“If you look good, you feel good; if you feel good, you play good,” Hillsboro High School head golf coach Scott O’Hare said.
There is no high school sports uniform as varied as golf. Some teams trend toward casual. Shoes can vary from name-brand golf shoes to off-brand basketball kicks. Players wear their team golf shirts untucked, over checkered cargo shorts or jeans. Players don purple Kansas State University caps or camouflaged hats brandishing hunting related brands with a tee protruding from the base of the cap near the hairline.
“I’ve got kids who are cowboys and hunters,” O’Hare said. “They can wear whatever they want to practice. They know not to wear camo to a tournament.”
Other teams go ultra stylized. Halstead’s players at the Hillsboro Invitational Thursday all wore black shoes, black track style pants, white golf shirts, a black and gray colored sweatshirt, and bare heads. The orange-clad members of Baker’s team were more flamboyant, with members wearing diagonally striped light gray jackets.
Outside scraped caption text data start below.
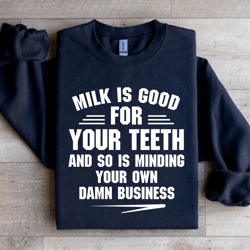 milk is good for your teeth sweatshirt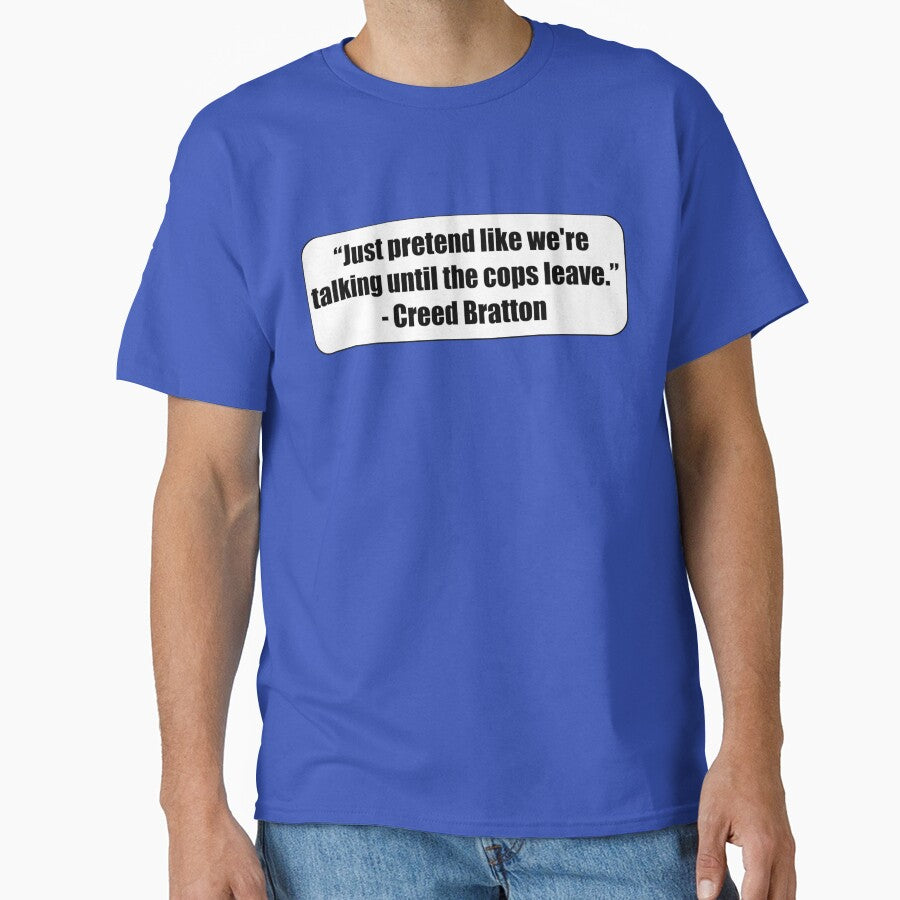 "Just pretend like we're talking until the cops leave." - Creed Bratton by MidnightInk Designs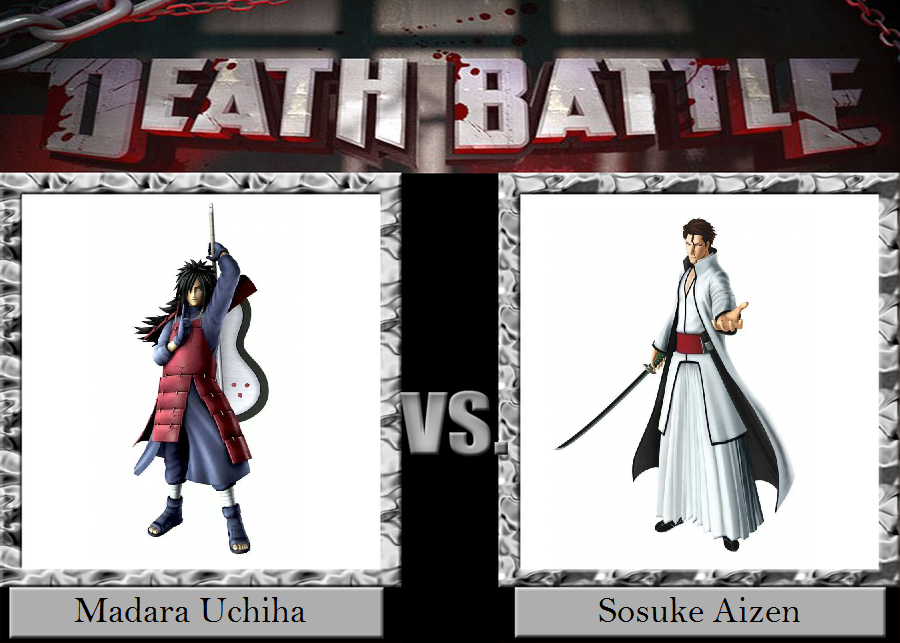 Madara Uchiha vs. Sosuke Aizen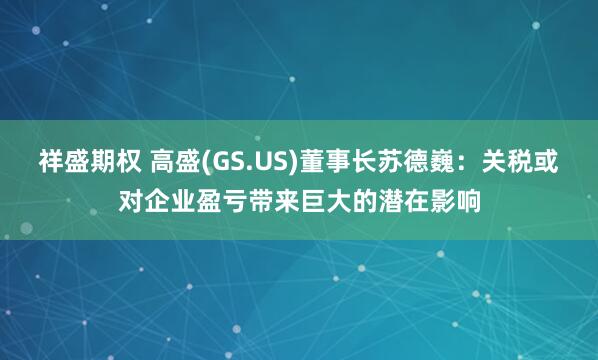 祥盛期权 高盛(GS.US)董事长苏德巍：关税或对企业盈亏带来巨大的潜在影响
Hillsboro falls in between the two spectrums. The uniform is customizable: senior Devin Dick wore track pants over shorts because of the cold Thursday and sophomore Evan Ollenburger wore shorts.
However, each Hillsboro player kept their shirt tucked in and wore golf shoes.
“I like to believe that mental aspect will help them,” O’Hare said.
Subscribing to the “look good, play good” theory is Ollenburger. He had the most defined style of any Hillsboro player, rocking calf-high socks splotched with white and white shorts.
He has also made the most improvement to his game from last season to this season. April 3 at Herington Ollenburger shot a team best 89, more than 20 points better than his previous low mark. O’Hare expects that type of progress to continue.
Ollenburger has started to learn how to get out of trouble. On hole five at Hillsboro, Ollenburger launched his tee shot behind a small batch of trees to the left of the par 5 fairway, deep into the rough. Using a wood, he could only manage a few yards on his second shot.
“Don’t be a hero,” O’Hare said of Ollenburger’s shot selection. “Don’t try to make up trouble with one shot.”
He rebounded well, blasting his third shot, with the same club, deep down the course about 20 yards from the hole. His next shot, with a high-numbered iron sailed over a batch of pine trees, landing down the hill from the sloped green.
O’Hare said the team has practiced more on the putting green and driving range than on the course. The work paid off on Ollenburger’s next shot. He chipped the ball within a foot of the hole giving himself an easy putt.
“You’ve got to be able to get the ball close to the hole,” O’Hare said.
Ollenburger turned a possible disaster hole into a respectable bogey. O’Hare emphasized that his team is learning, Ollenburger especially, and that these type of holes may become more common.
Ollenburger ended the tournament Thursday with a score of 93.